Assignment:
Quote every line of the material beneath this one.

Source information:
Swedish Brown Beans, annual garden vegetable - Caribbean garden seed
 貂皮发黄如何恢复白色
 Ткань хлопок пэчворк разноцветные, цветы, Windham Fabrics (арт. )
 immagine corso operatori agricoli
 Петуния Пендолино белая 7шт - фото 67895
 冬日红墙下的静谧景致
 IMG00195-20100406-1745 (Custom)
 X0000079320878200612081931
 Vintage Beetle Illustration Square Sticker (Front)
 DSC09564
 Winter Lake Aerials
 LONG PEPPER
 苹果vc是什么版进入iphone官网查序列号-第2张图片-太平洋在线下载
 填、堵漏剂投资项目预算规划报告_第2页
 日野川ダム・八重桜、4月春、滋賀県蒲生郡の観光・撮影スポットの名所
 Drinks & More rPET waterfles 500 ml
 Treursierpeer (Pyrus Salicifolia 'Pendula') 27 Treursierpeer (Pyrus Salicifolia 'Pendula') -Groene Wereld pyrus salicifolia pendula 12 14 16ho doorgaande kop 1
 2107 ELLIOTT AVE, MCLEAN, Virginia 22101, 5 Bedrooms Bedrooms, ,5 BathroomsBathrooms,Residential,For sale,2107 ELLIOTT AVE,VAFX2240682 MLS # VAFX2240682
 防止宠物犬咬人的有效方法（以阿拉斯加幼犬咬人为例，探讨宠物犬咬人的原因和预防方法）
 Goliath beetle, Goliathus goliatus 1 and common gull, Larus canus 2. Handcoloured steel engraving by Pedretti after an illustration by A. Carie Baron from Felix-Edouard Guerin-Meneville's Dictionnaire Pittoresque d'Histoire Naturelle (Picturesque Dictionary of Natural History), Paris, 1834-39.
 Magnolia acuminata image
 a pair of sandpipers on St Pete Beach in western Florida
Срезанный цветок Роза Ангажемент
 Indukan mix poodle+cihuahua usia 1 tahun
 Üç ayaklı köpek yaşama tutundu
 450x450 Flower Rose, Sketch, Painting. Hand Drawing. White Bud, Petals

Answer to this exercise:
Swedish Brown Beans, annual garden vegetable - Caribbean garden seed
 貂皮发黄如何恢复白色
 Ткань хлопок пэчворк разноцветные, цветы, Windham Fabrics (арт. )
 immagine corso operatori agricoli
 Петуния Пендолино белая 7шт - фото 67895
 冬日红墙下的静谧景致
 IMG00195-20100406-1745 (Custom)
 X0000079320878200612081931
 Vintage Beetle Illustration Square Sticker (Front)
 DSC09564
 Winter Lake Aerials
 LONG PEPPER
 苹果vc是什么版进入iphone官网查序列号-第2张图片-太平洋在线下载
 填、堵漏剂投资项目预算规划报告_第2页
 日野川ダム・八重桜、4月春、滋賀県蒲生郡の観光・撮影スポットの名所
 Drinks & More rPET waterfles 500 ml
 Treursierpeer (Pyrus Salicifolia 'Pendula') 27 Treursierpeer (Pyrus Salicifolia 'Pendula') -Groene Wereld pyrus salicifolia pendula 12 14 16ho doorgaande kop 1
 2107 ELLIOTT AVE, MCLEAN, Virginia 22101, 5 Bedrooms Bedrooms, ,5 BathroomsBathrooms,Residential,For sale,2107 ELLIOTT AVE,VAFX2240682 MLS # VAFX2240682
 防止宠物犬咬人的有效方法（以阿拉斯加幼犬咬人为例，探讨宠物犬咬人的原因和预防方法）
 Goliath beetle, Goliathus goliatus 1 and common gull, Larus canus 2. Handcoloured steel engraving by Pedretti after an illustration by A. Carie Baron from Felix-Edouard Guerin-Meneville's Dictionnaire Pittoresque d'Histoire Naturelle (Picturesque Dictionary of Natural History), Paris, 1834-39.
 Magnolia acuminata image
 a pair of sandpipers on St Pete Beach in western Florida
Срезанный цветок Роза Ангажемент
 Indukan mix poodle+cihuahua usia 1 tahun
 Üç ayaklı köpek yaşama tutundu
 450x450 Flower Rose, Sketch, Painting. Hand Drawing. White Bud, Petals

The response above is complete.